Globally, 2019 was the second hottest year on record. The previous hottest was 2016, followed by 2015, 2017 and 2018. In Australia, 2019 was 1.52°C above the 1961–90 average—the country’s hottest on record. Rainfall across the continent was also the lowest since recordkeeping began. We have now arrived at a point where, without international action to reduce emissions, global average temperatures will be almost 5°C warmer within the lifetime of a child born today.
The bushfire crisis that’s unfolding across Australia provides some insight into what that dystopian world will look like. So far, 27 people have died, more than 100,000 livestock have been killed, and at least a billion native animals have perished as an area larger than South Korea has been burned. The Australian Defence Force has been deployed en masse at the behest of the National Security Committee of cabinet. What was meant to be tomorrow’s security problem has been catapulted into the here and now.
Our home front has become the climate front line. Slowly—inexorably—climate change is permeating regional security architectures and its institutions.
Rising emissions will result in a more unstable and insecure world that will have far-reaching human, national and international security consequences. Military forces—as in the current bushfire crisis—will be increasingly called upon to respond. Limits will be reached and then stretched when multiple climate crisis events occur simultaneously, especially when overlaid with concurrent traditional ‘hard’ security commitments. It will require new thinking about defence force structures, capability and equipment choices, and training regimes.
Building on the 2018 Boe Declaration on Regional Security (and its affirmation in 2019), the region’s defence forces have become more active in their efforts to respond to climate change.

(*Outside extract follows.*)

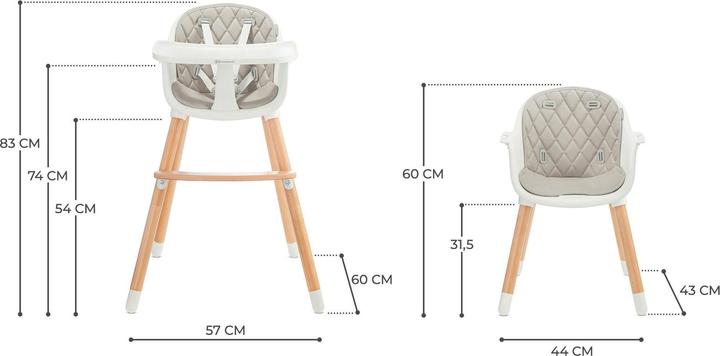 Produktbild KinderKraft Sienna (Hochstuhl)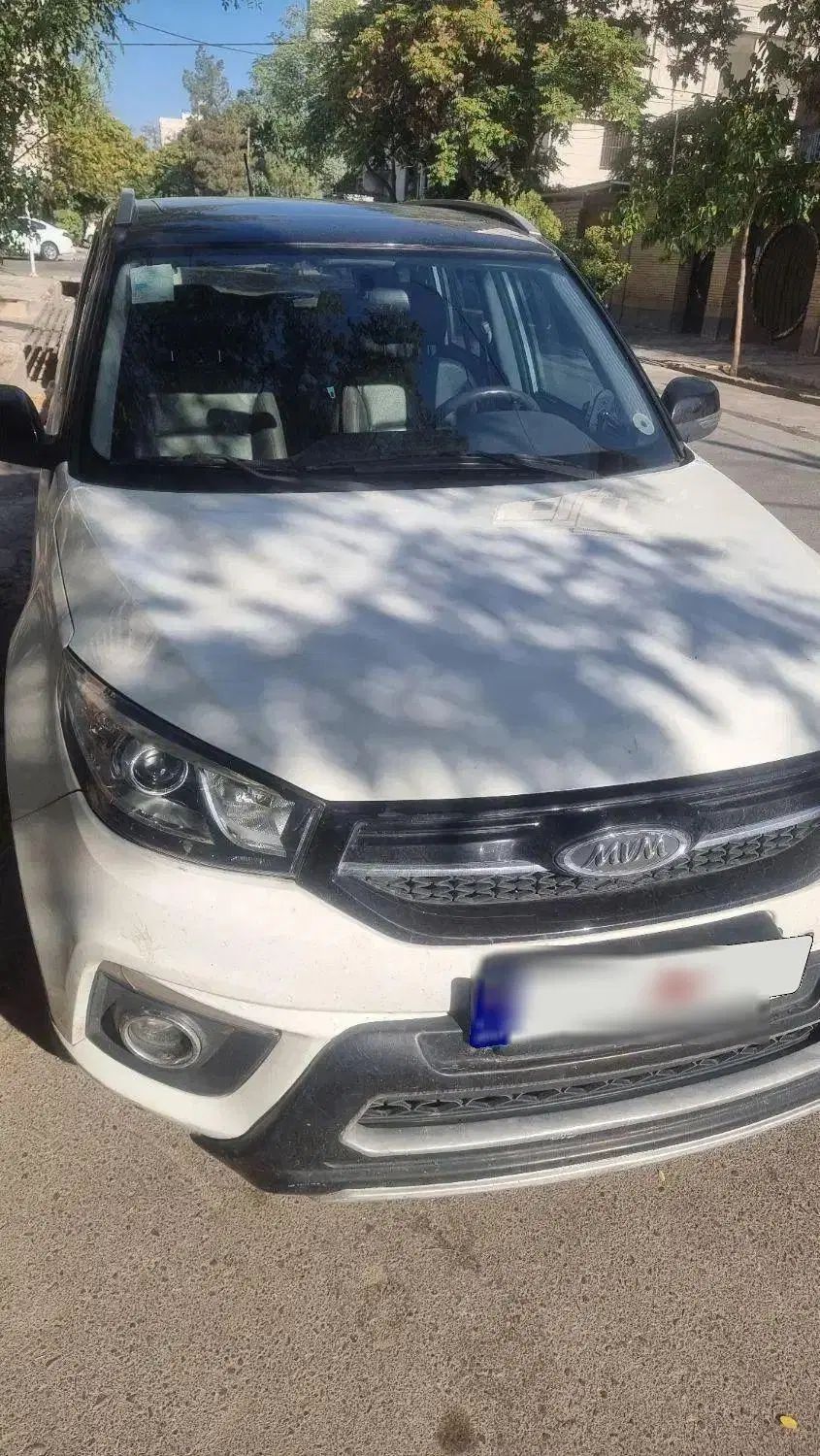 ام وی ام X33 S اتوماتیک اسپرت - 1397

A gathering of South Pacific defence ministers in May acknowledged the Boe Declaration and emphasised the unique and important role of defence forces in dealing with climate change. Developments at the meeting included a proposal to explore how defence forces can support mitigation efforts. Another was New Zealand’s proposal to hold a defence working group meeting in 2020 focused solely on climate change.
That the New Zealand Defence Force should put its hand up comes as no surprise. It has arguably emerged as one of the world’s leading militaries when it comes to developing a clear strategic response to the climate emergency and promoting global recognition of climate change as a security risk.
Building on its November 2018 defence assessment, The climate crisis: defence readiness and responsibilities, in December 2019, the New Zealand government released an implementation plan titled Responding to the climate crisis. The plan puts the meat on the bone of the NZDF climate response, under four pillars: respond, adapt, mitigate and engage.
While some of the initiatives are business as usual, and some are new, it is the first time the totality of NZDF measures have been presented as a single, coordinated defence response to the threats of climate change. Few militaries have done this.
Initiatives outlined in the plan include developing climate risk assessments and adaptation plans for bases and training areas, embedding climate change considerations into planning for the defence estate and infrastructure, harnessing the Defence Technology Agency to analyse and better understand the operating environment of the Southern Ocean and Ross Sea, acquiring dual-use and multirole military capabilities in support of increased climate-related humanitarian and disaster relief operations, and placing an increased focus on emissions accounting, emissions reduction and energy efficiency.
As the plan notes, it is something of a first cut and the beginning of what will be a long and iterative journey that seeks to ‘grow best practice and raise our ambition over time’. In pursuit of best practice, they would do well to consider the ‘responsibility to prepare and prevent’, a climate security governance framework developed by the Center for Climate and Security and presented at the UN Security Council.
Importantly, the NZDF is also emboldened to take a regional and international lead on embedding and discussing climate security at the highest political-military levels and security forums, including a climate seminar with its ASEAN counterparts later this year. This is bound to have a galvanising effect, bringing confidence to communities across the Pacific that climate change is indeed seen to require a whole-of-society effort.
The military too can be said to be joining the war effort that will be required to combat climate change. The NZDF has set the bar for other defence forces on developing a coherent strategic response to the climate emergency. This is not insignificant, since the politicisation of climate change has often meant that apolitical institutions (such as militaries) have been snookered into lacking a public voice or, worse, being perceived as doing nothing.
Despite recognition at the highest levels and the 2018 Australian Senate inquiry into the national security implications of climate change, the ADF has not been afforded the same degree of movement to act as the NZDF has had on climate change.
The bushfire crisis may be the moment that opens genuine but critically honest policy debate on climate change in Australia, including for the Department of Defence. For ideas on what its response might look like, the ADF could do worse than turn to its Kiwi partner.